Eles nos pouparam! Esses rapazinhos, os da funerária, desses telefonemas, desses dizeres, em plena noite de natal
QUEM GOSTA DE SER SURPREENDIDO ASSIM?
Nem eles, esses rapazinhos
aposto que eles nos xingaram horrores. Por trás dessas carinhas prestando suas melhores e empacotadas e comercializadas e industrializadas e ensaiadas condolências. há de existir por de trás delas caretas horríveis para nós, há a ira das expressões do momento que tiveram que interromper suas ceias, os seus festejos, sua noite de natal, para comunicar a
NÓS,
OS FILHOS
Que mensalmente permitimos descontar dos nossos salários, dos nossos suados salários, essa quantia, esse tanto de dinheiro besta que fazia lá alguma falta, mas que
NÓS,
OS QUATRO IRMÃOS
Sabíamos que esse dinheiro pagava este alívio, esta espécie de missão cumprida, este gosto do AINDA BEM, FIZ O QUE PUDE, NÃO TEMOS MAIS COM O QUE NOS PREOCUPAR está tudo acabado
Nós nem mais precisaremos nos ver!
Nem mais precisaremos fingir afeto entre nós
Esse afeto imposto por esse laço que sem querer nos une, nós no fundo sentimos isso, falamos isso com os olhos, nós exalamos esse pensamento, ai se nós pudéssemos dizer, se pudéssemos festejar, cada um com a dívida funeral já paga, a não necessidade de um velório.
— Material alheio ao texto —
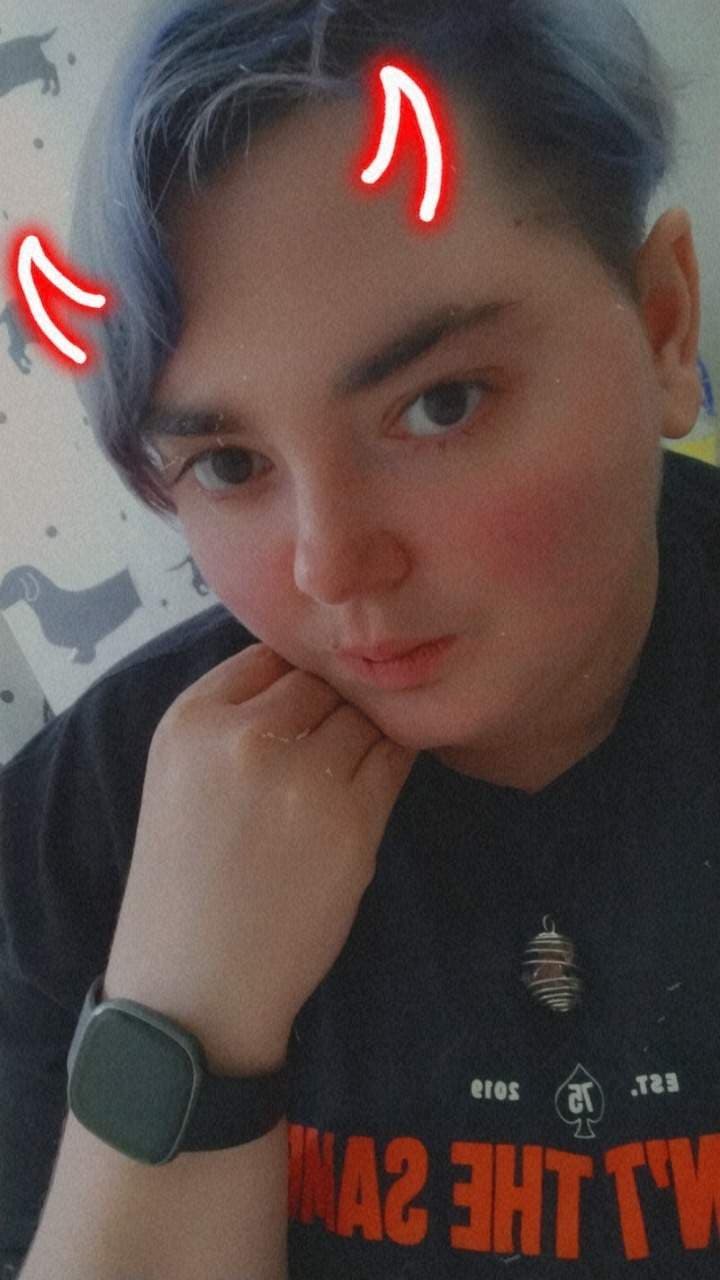Lady Twizted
(o nosso pai não tinha amigos, não temos outros parentes, nada.)
(há apenas esse vazio e a morbidez dessa sala que na verdade não é nada demais, é só o peso de tantas outras mortes comunicadas aqui, nessa sala, só isso, o peso de tantas outras mortes, não é nada nosso)
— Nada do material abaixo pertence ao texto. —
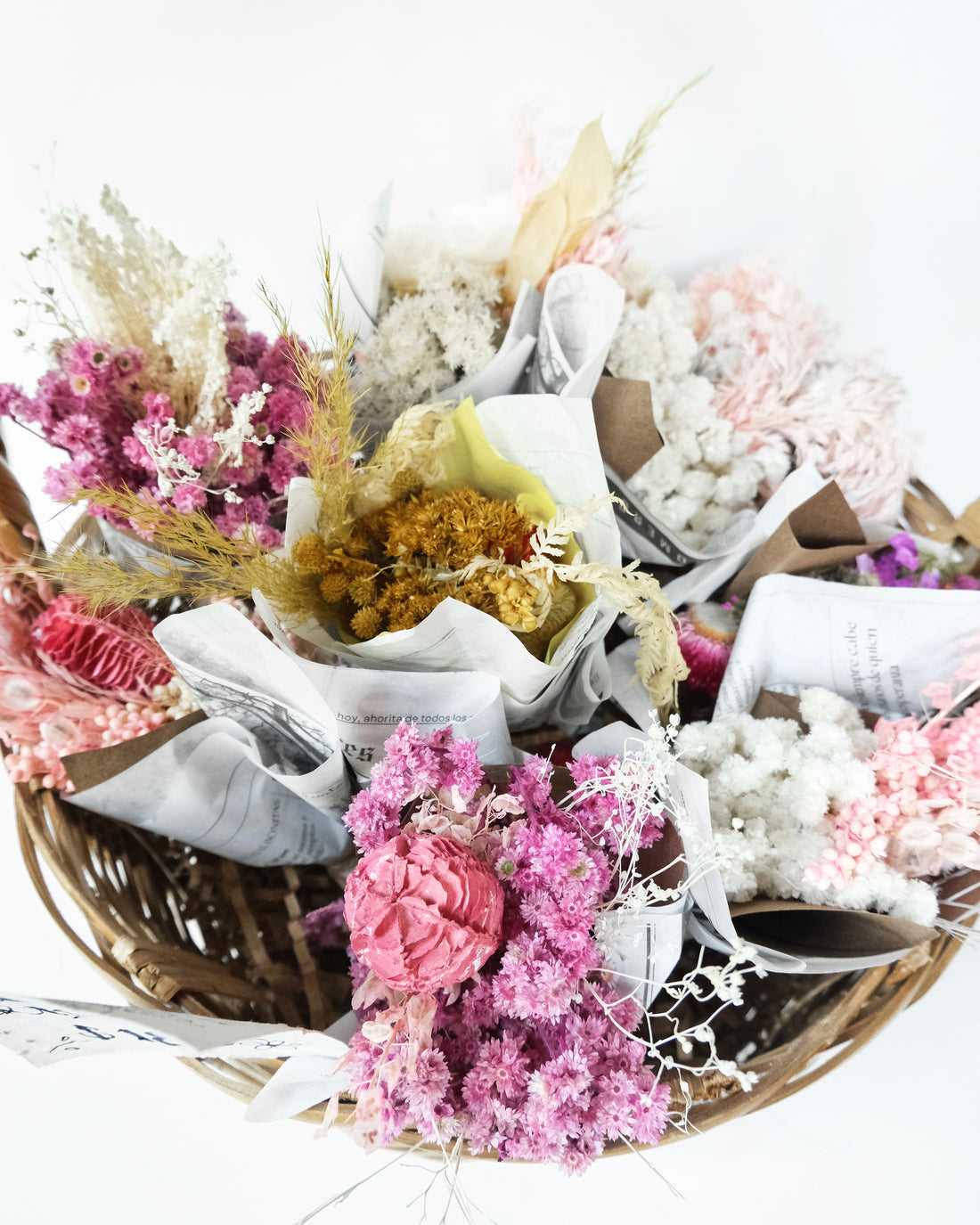 Ramito - Alcachofa y Romero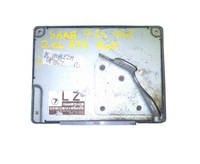 31711 AJ510TCM transmission computer 2005 Subaru Impreza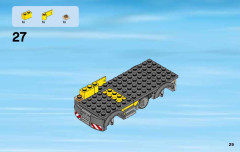 LEGO 60073 instructions page 29 – build guide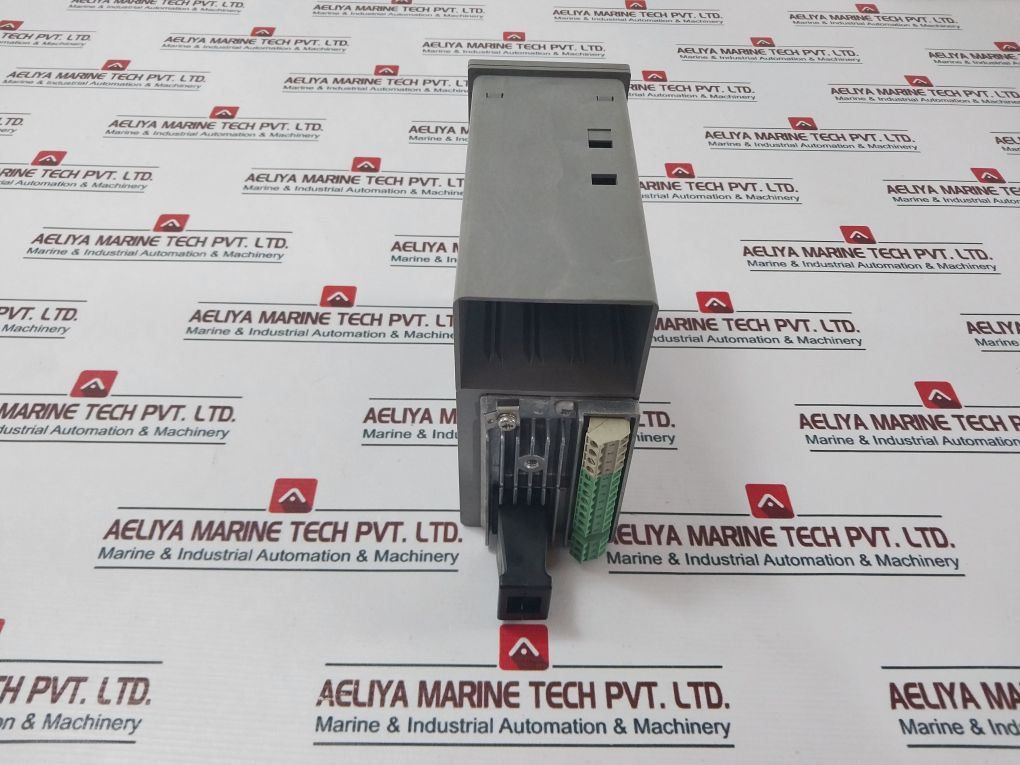 Siemens Sipart Dr21 Process Controller 6Dr2100-5 50/60Hz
Não temos e não vamos nos preocupar.
Nossos boletos estão pagos. Nosso compromisso está em dia. Nós estamos bem.


EU ESTOU BEM.

O OUTRO FILHO: Tem certeza?
A IRMÃ DO MEIO: Bebe essa água.
ELA: Eu estou bem.
O IRMÃO MAIS VELHO: isso DEVE ser alguma porcaria com a qual você andou se entupindo...
ELA: deve.
A IRMÃ DO MEIO: Deve ter sido o susto.
ELA: deve também
O OUTRO FILHO: Você se assustou?
A IRMÃ DO MEIO: Parece que aqui não demora.
ELA: Eu me assustei um pouco, eu já estava deitada, estava quase dormindo, eu.
Eu não sei.
A gente ensaiou isso tudo.
Eu ensaiei isso tudo.
Quando me dessem a notícia eu faria uma cena.

Ela faz uma cena:
Eu tenho uma lembrança do meu pai. Uma lembrança tão bonita.